In India, there is a sharp decline in interest rates over the last year alongside high volatility in the equity markets. This has brought investors’ focus toward gold.

A cut in interest rates by the RBI has led to a decline in interest rates on small savings and term deposit rates of banks. SBI is currently offering an interest of 2.7% on savings bank deposits, and 5.4% on 5-10 year term deposits. Experts say that it makes good sense for investors to invest in gold.

Can the price of the gold crash?

  • Given the economic uncertainty, gold would touch a new all-time high.
  • In India, prices will be supported by any further weakness in the rupee.
  • Key events that could stall the rise of gold are,
    1. Sudden sale of gold holdings by central banks to tide over the economic crisis,
    2. Crisis in other risk assets prompting investors to compensate for their losses through the sale of gold ETFs (Exchange Traded funds).

Gold Monetisation Scheme

In a move to revive the flagging Gold Monetisation Scheme, the Reserve Bank of India (RBI) has made it easier for depositors to hand over their holdings of Gold.

  • RBI has liberalised the GMS, 2015, allowing depositors to directly deposit their bullion with either banks, refiners or Collection and Purity Testing Centres (CPTCs). Earlier, the Banks, CPTCs and Refineries had to sign a tripartite agreement for this.

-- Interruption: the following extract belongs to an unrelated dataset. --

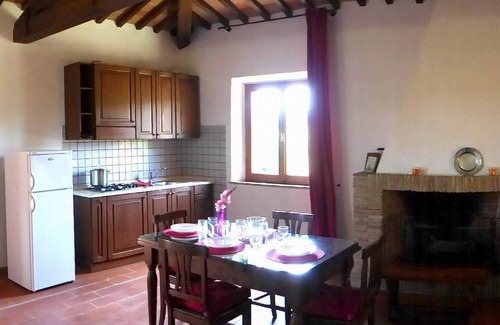 Torrita di Siena Apartment | Large apartment with a panoramic view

Temples, High Networth Individuals (HNIs) and entities like fund houses, trusts and even government entities would now find it easier to deal directly with banks instead of CPTCs.

Gold Monetisation Scheme

  • The scheme was launched in November 2015 along with sovereign gold bonds and India gold coins.
  • It facilitates the depositors of gold to earn interest on their metal accounts. Once the gold is deposited in the metal account, it starts earning interest on the same.
  • Under the scheme, a depositor gets 2.25% interest annually for a short-term deposit of one year to three years. Medium- and long-term deposits get 2.5% interest rate.
  • Objective: To mobilize the gold held by households and institutions in the country to put this gold into productive use and in the long run to reduce the current account deficit by reducing the country’s reliance on imports of gold to meet the domestic demand.
  • Along with GMS, a Sovereign Gold Bond Scheme (an alternative to purchasing metal gold) and the development of Indian Gold Coin, were also announced.
  • Banks may accept the deposit of gold at designated branches, especially from larger depositors.
  • The RBI also further relaxed norms under the scheme by which banks, at their discretion, can allow the depositors to deposit their gold directly with the refiners.
    • This suits the temples also, as it is estimated that they may be holding around 4,000 tonnes of gold and are capable of depositing gold in tonnes under the scheme.
  • Several depositors had earlier complained that banks are not taking an interest in accepting deposits under the GMS in many cities even from large depositors. Banks had hardly publicised that they run the GMS.
    • The RBI has stated that banks have to identify branches in all states and union territories where they can accept deposits.
    • All designated banks have now been mandated by the RBI to give adequate publicity to the scheme through their branches, websites and other channels.

Background

  • The GMS scheme had been able to garner only 16 tonnes of gold as deposits in the last four years. This was large because of banks’ apathy towards it and also due to the practical difficulties of banks in dealing with collection-hallmarking centres.
  • The current scheme mandates that customers have to first approach the CPTCs which are approved by the Bureau of Indian Standards.
  • These centres had issued depositors purity certificates on gold deposited, and based on the centres’ certificates, a bank was supposed to open a deposit account and credit gold.
  • CPTCs sent the gold to a refinery which gave the final purity certificate and converted the yellow metal into bars.